When trying to save the first field, email
we check the Relationship table, if there is no data present, a new row is created in the users table and add a new relationship
entry is also created.
When the next update of ip
is to be done we check the Relationship table, and get the id
and do the updates.
function getRelationship(contactId) {}
function createRelationship(contactId, user) {}
function createUser() {}
function updateUser(relationship, dataToUpdate) {}
function forEachUpdate(contactId, dataToUpdate) {
relationship = getRelationship(contactId);
if(!relationship) {
newUser = createUser()
relationship = createRelationship(contactId, user);
}
updateUser(relationship, dataToUpdate);
}
// main
forEachUpdate('sasi@hotmail.com', {email: 'sasi@hotmail.com'})
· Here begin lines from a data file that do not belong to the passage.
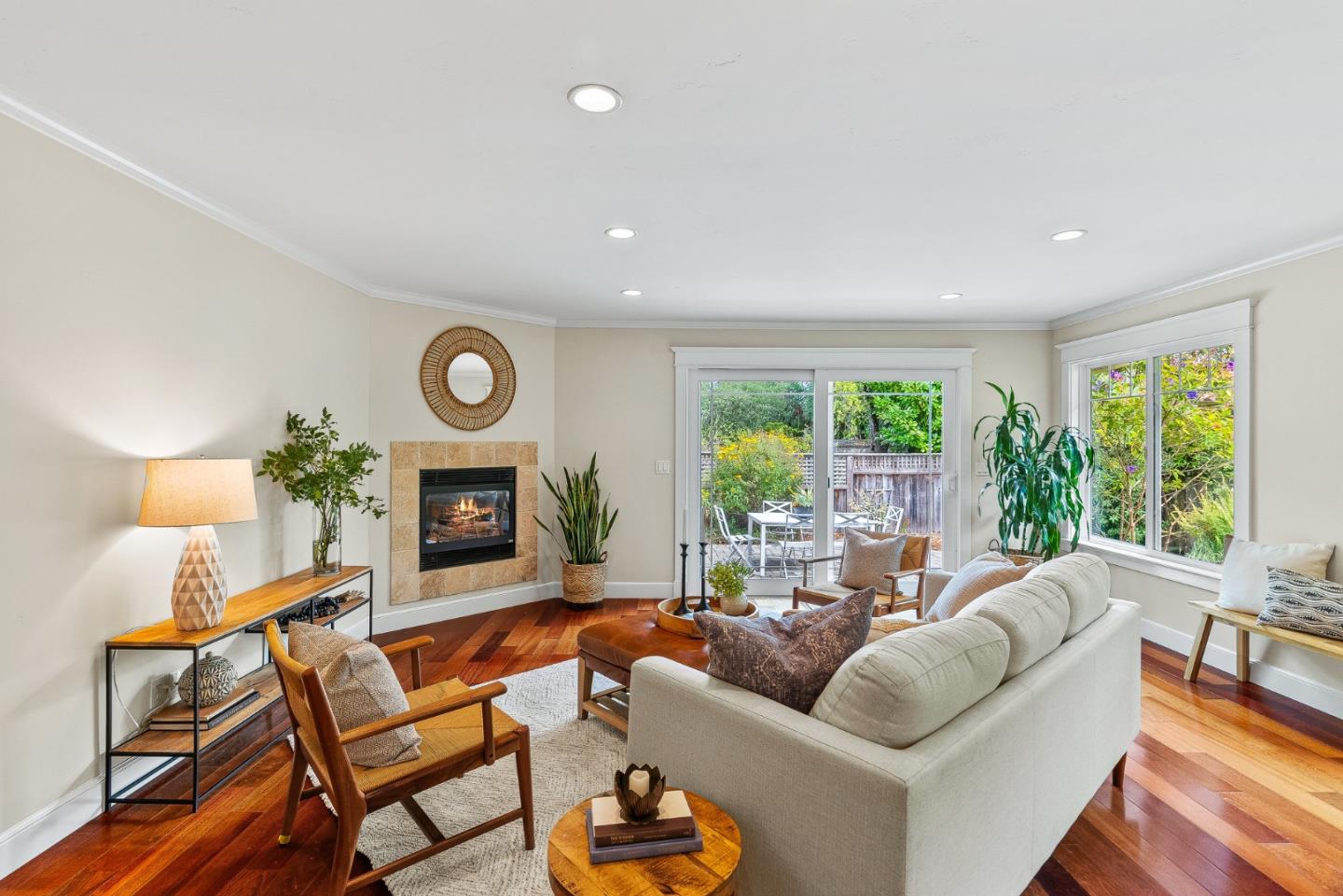 555 Risso Court Santa Cruz, CA 95062 - Photo 21 of 61 a living room with furniture a fireplace and a window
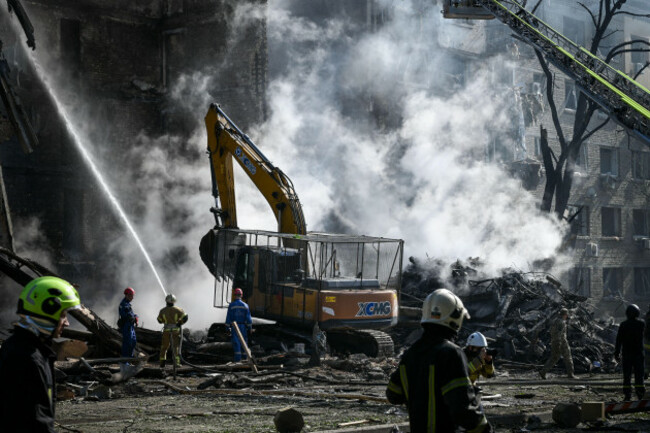 kyiv-ukraine-24th-may-2026-ukrainian-firefighters-dig-through-rubble-and-extinguish-flames-in-a-residential-building-during-rescue-operations-in-kyiv-on-may-24-2026-rescue-efforts-take-place-in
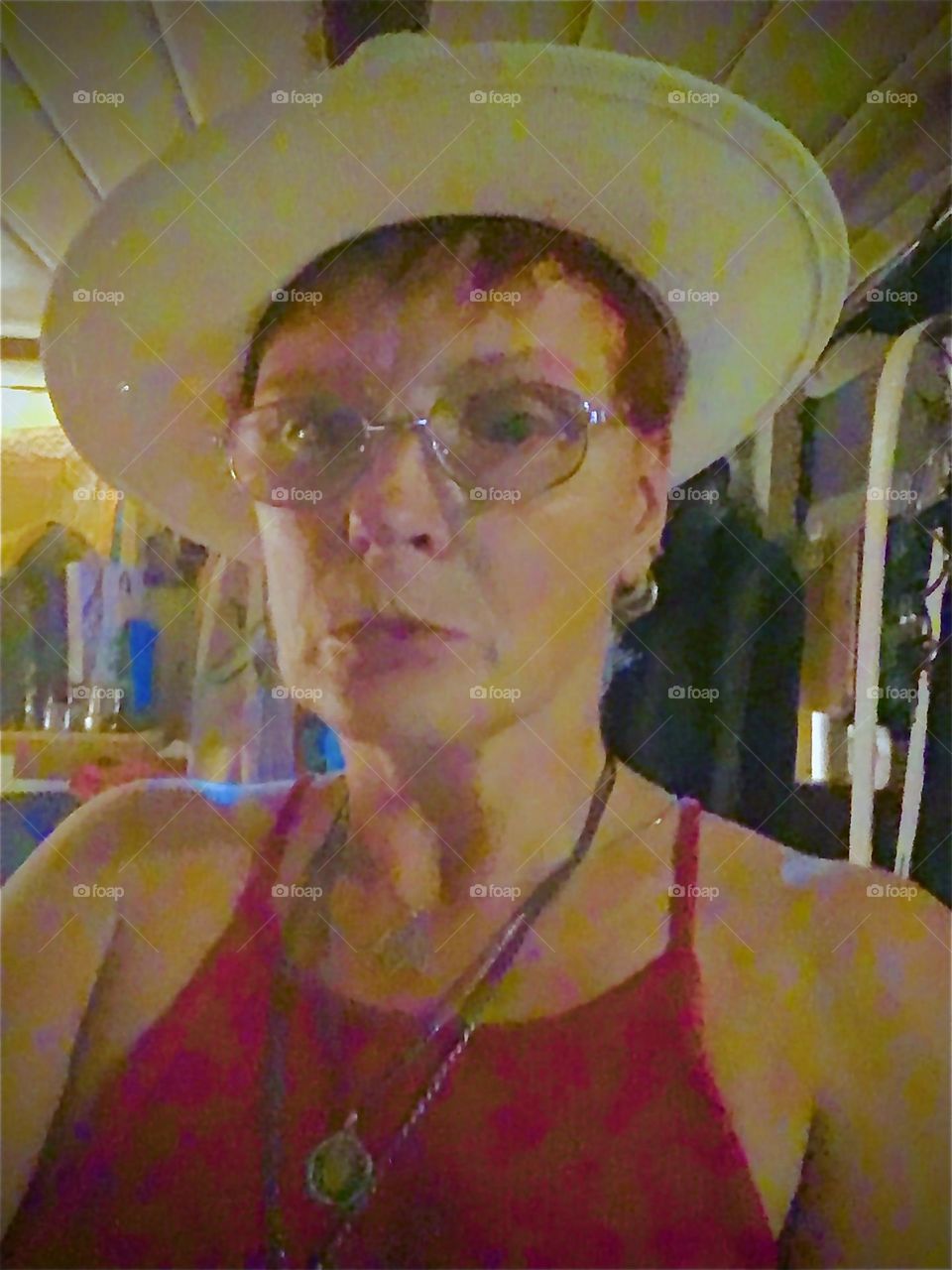 In the dim illumination of a nightlight and a candle I snapped this selfie wearing my new straw Panama hat that I intended to wear out in the summertime. 2021. Hypnotic Productions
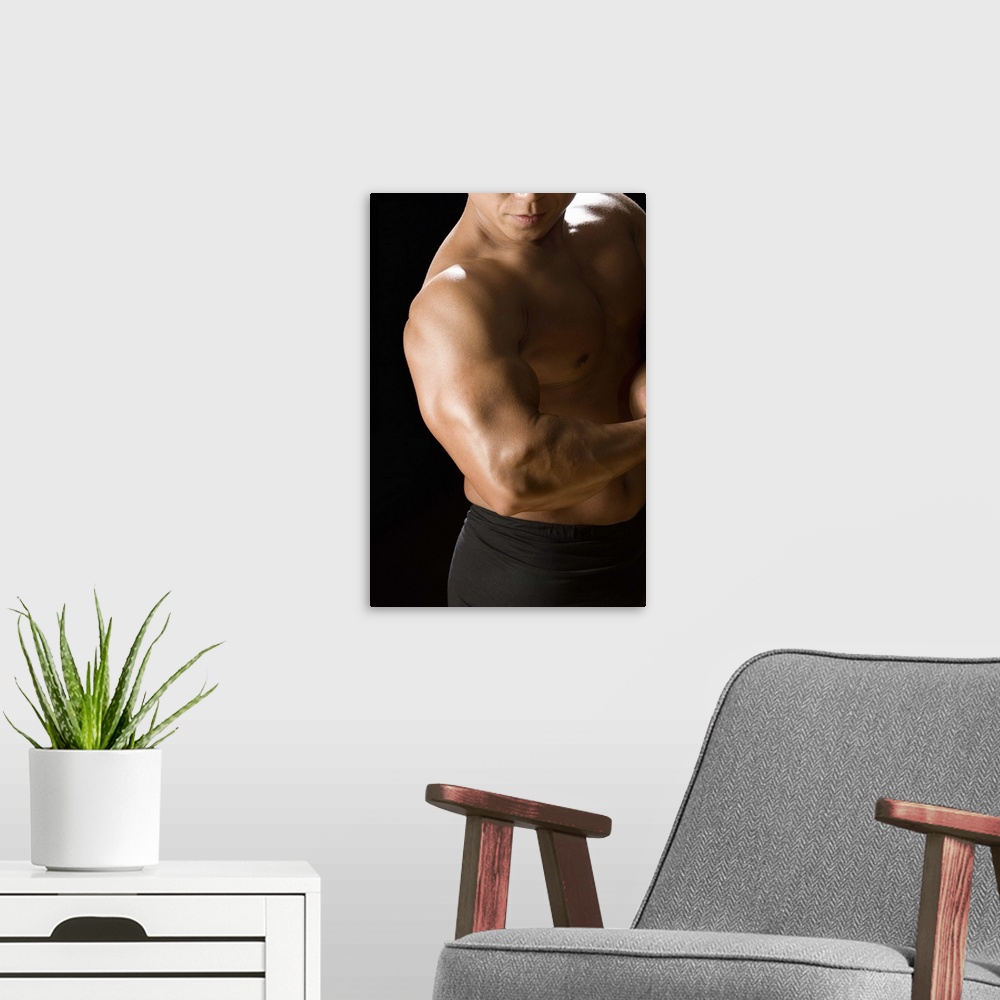 A modern room featuring Male bodybuilder flexing muscles, front view, black background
forEachUpdate('sasi@hotmail.com', {ip: '127.0.0.1'})
The problem happens when we don’t find a relationship
when checking after a few milliseconds of delay. But how? A new entry was added previously? What happened was, The writes are done in a primary replica, the reads goes to secondary replica. Which meant that the reads and writes were going to different servers which will not have the exact same data at any given time. This is called replication lag. Because of this duplicate user entries were created in the users table.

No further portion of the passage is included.